Mr. Steinmetz shook his head in pity, and handed down little Ellie from the buggy.
“There are some tiny little frogs, though,” he added. “And one morning, I saw a wild jaguar-cat come down to drink.”
Ellie gave a small squeak of dismay, and her mother exclaimed,
“Surely there is not any danger to us, Mr. Steinmetz!”
“Only if it diverts you to think so, Mrs. Wood; they are nocturnal creatures and normally very shy.” He sounded exasperated; Sophia recalled his impatience with what he called female megrims. Of course, as a man of the world and long experience of the west, he would have encountered many more ferocious and dangerous animals.
“I would love to see such a beautiful creature as a jaguar,” she said, feeling slightly breathless. “Not as in a zoo, as in Boston … but wild and free; here – just as you observed the deer.”
“He won’t come today, that I can assure you, Miss Teague.” He smiled at her, the corners of his eyes crinkling in a most endearing way. “Wish that I could whistle him up for a visit here, just for you. Perhaps another time?”
“Perhaps, Fred,” Lottie replied, just as brisk. “Sophie and Eleanor, my dears – can you assist me with setting up our feast? The gentlemen are hungry – there should not be any great labor involved, for my cook has packed every kind of delicious food, and it will not take any time at all.”
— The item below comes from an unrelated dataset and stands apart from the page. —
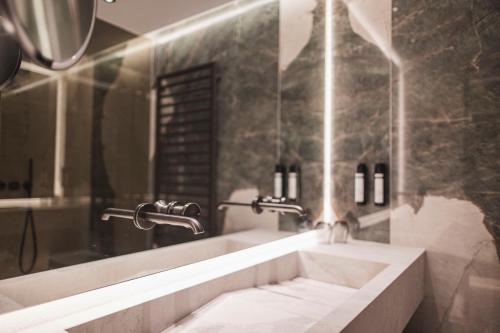 a bathroom with a sink and a bath tub at Hotel Lanerhof active/spa/balance in San Lorenzo di Sebato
“Miss Teague is well acquainted with the method of serving food in a small amount of time,” Eleanor Wood observed, in a tone of lazy malice, but there was no sting in it, and Sophia – overtaken by a sudden fit of school-girl emotion – stuck her tongue out at her, behind Lottie’s back. Eleanor Wood’s expression went through a brisk series, from startled, through pique, and then to rueful humor. She stuck out her own tongue, and then both of them burst into giggles.
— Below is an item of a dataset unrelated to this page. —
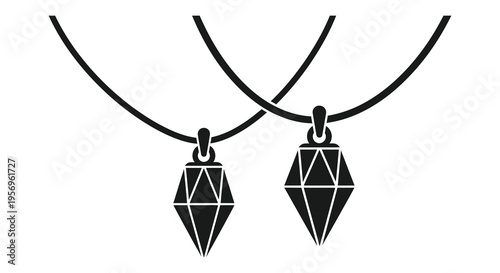 Two geometric pendants hanging from cords a striking silhouette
“If you are both quite finished with being juvenile,” Lottie observed, without turning around, “The gentlemen are hungry. And so am I.”
“The schoolmistress has eyes in the back of her head, so she has!” Eleanor whispered, Lottie stated, without turning around, “No – only one which works properly to the front, but my hearing is extraordinarily acute,” whereupon all three women dissolved into giggles. Young Ellie and the two men regarded them, baffled – as if they all had gone quite mad.